Por otro lado, recientemente se ha difundido una lógica opuesta e igualmente peligrosa: la exhibición ostentosa del fracaso. Se trata del discurso de algunos 'coaches' o expertos en autoayuda que lo ensalzan y banalizan como única vía hacia el éxito. Estas narraciones, frecuentemente adornadas con tonos épicos y soteriológicos, tienden a exhibir experiencias personales de fracaso como caídas que preceden a grandes encumbramientos. Este punto de vista olvida muchas veces el carácter demoledor (y no pocas veces definitivo) de algunos fracasos. No siempre es verdad que «unas veces se gana y otras se aprende», como enseñan algunos manuales de autoayuda. Otras veces, desgraciadamente, se pierde sin paliativos, y nuestras sociedades están repletas –aunque a veces no resulte tan evidente a primera vista– de grandes derrotados, a los que este tipo de discursos triviales no saben (o no quieren) dar cabida y consuelo.

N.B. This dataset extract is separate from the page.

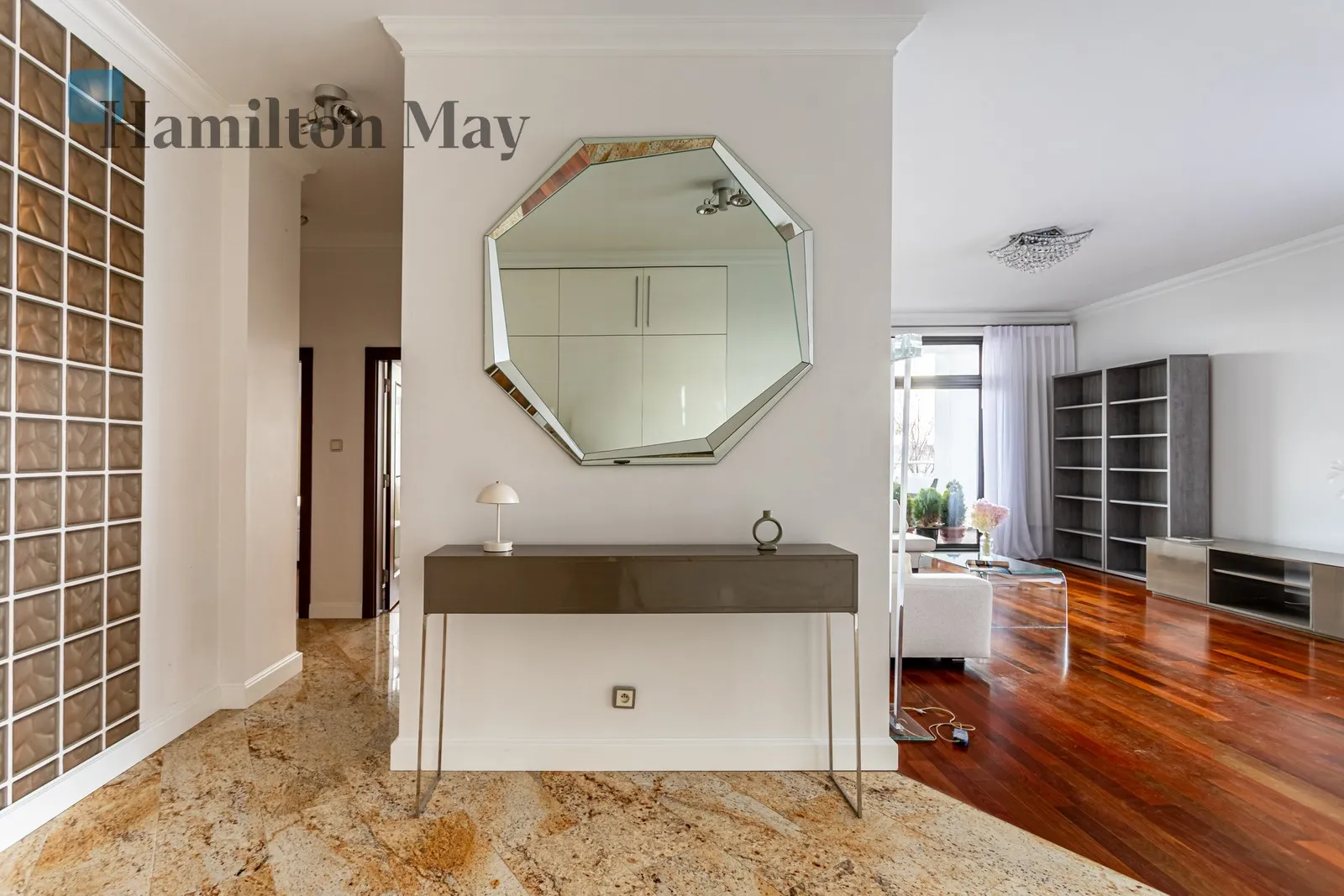 Exclusive sunny apartment with terrace – Łazienki Królewskie area - slider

Frente a esta dicotomía, a esta doble manera de «fracasar mal», quizás exista una tercera vía, que aspira a normalizar y a visibilizar la posibilidad de fracasar e, incluso, el carácter consustancial y definitorio de esta condición para los seres humanos. Este tercer punto de vista, que nace de la superación de las actitudes de ocultación y exhibición del fracaso, puede tildarse como el de la aceptación de la derrota, ligada a sentimientos morales como la resiliencia y la disculpa. Este podría ser, quizás, el sentido del beckettiano «fracasar mejor», cuya conceptualización es una de las metas imprescindibles en todo aquel que aspire a reflexionar sobre la noción de fracaso y su reversibilidad.

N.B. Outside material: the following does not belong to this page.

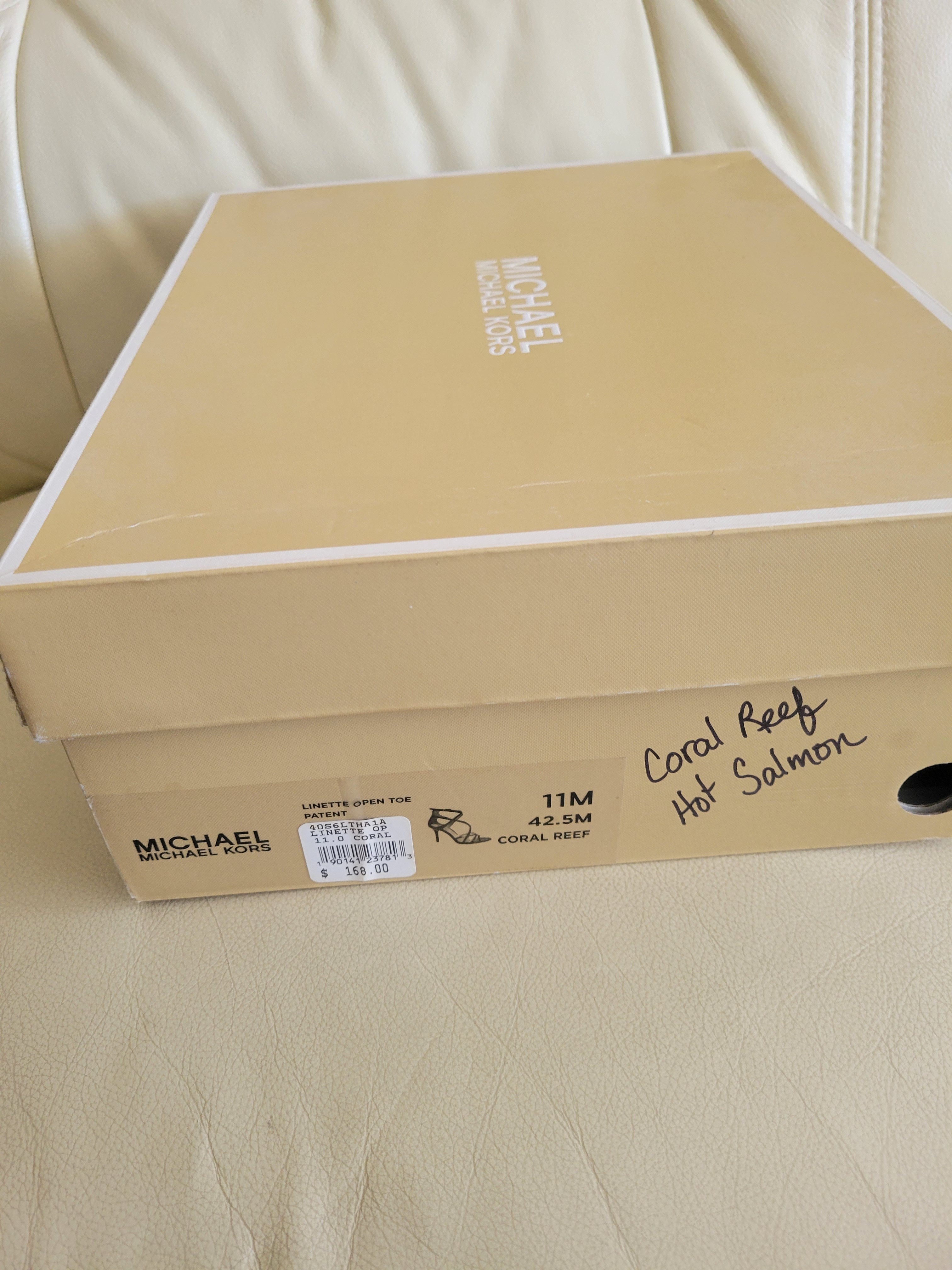 Women’s Shoes Michael Kors Size 11 - photo 2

Sin embargo, también se puede «fracasar mal» en otro sentido distinto al anterior y no vinculado a las lógicas de la ocultación y la exhibición. Se trata justamente del peligro que encierra la primera parte de esta reflexión: la consideración puramente lógica y teórica del fracaso. En otras palabras, también se puede fallar ante el fracaso cuando se peca de intelectualismo, de desconexión con los fracasados, con los débiles, con los excluidos: en suma, con los auténticos sujetos del fracaso, como la exasperada viejecita de la canción chilena. Por tanto, el necesario análisis filosófico de este concepto y la comprensión teórica de los mecanismos sociales de atribución del fracaso no debe llevar a olvidar la dimensión más íntima y personal de lo que significa fracasar. Y esto no sólo porque, si se deja de lado esta dimensión, será imposible comprender adecuadamente este concepto tan complejo; también -y sobre todo- porque escuchar los discursos puramente teóricos de los que tienen esos «másters en fracasar mal» de la canción de Redolés puede recrudecer el dolor y el sentimiento de abandono de las personas que se sienten fracasadas.

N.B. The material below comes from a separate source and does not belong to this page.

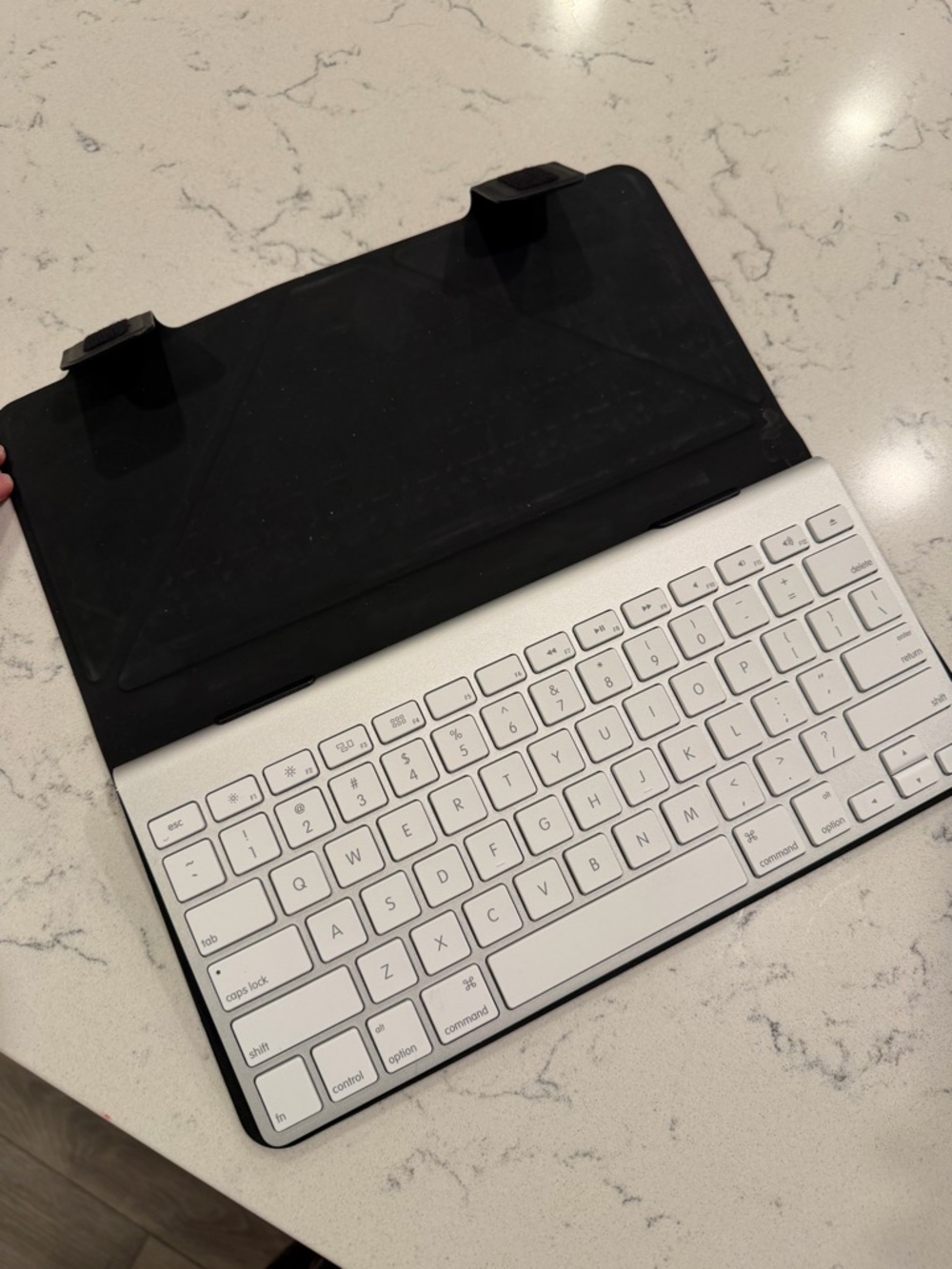 Apple Model A1314 White Wireless Tablet Keyboard with Black Protective Folio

Esta advertencia para investigadores y estudiosos de toda clase (no olvidar nunca la experiencia más tangible de las distintas clases de dolor sobre el que se teoriza) también vale, por supuesto, para los políticos. Sin duda, resulta deleznable el antiintelectualismo de cierta parte de la sociedad, que desprecia desde las vísceras los argumentos bien formados de gestores públicos competentes en sus campos, que ponen su conocimiento y sus investigaciones al servicio del bien común. Sin embargo, también es insuficiente y condenable el enfoque hiperteórico de los problemas por parte de algunos representantes públicos. Cuando la política olvida la empatía hacia el sufrimiento concreto de las personas y sólo ofrece respuestas técnicas ante los dramas sociales, entonces «fracasa mal». Para ello, como primer paso, no estaría mal llamar a esos dramas –todos ellos sinónimos y derivados del fracaso– por su nombre más crudo (pobreza, hambre, paro, suicidio, violencia machista, desahucio, bancarrota) y no con grises eufemismos que no apelan a la experiencia real de quien los vive.

Si no queremos que crezca la desafección hacia la cosa pública y la desconfianza hacia nuestros políticos, debemos desearles éxito en la detección y la resolución de estos dramas sociales. O, por lo menos, ojalá aspiren a «fracasar mejor», siempre con cercanía a las personas que sufren.

Valerio Rocco Lozano es director del Círculo de Bellas Artes.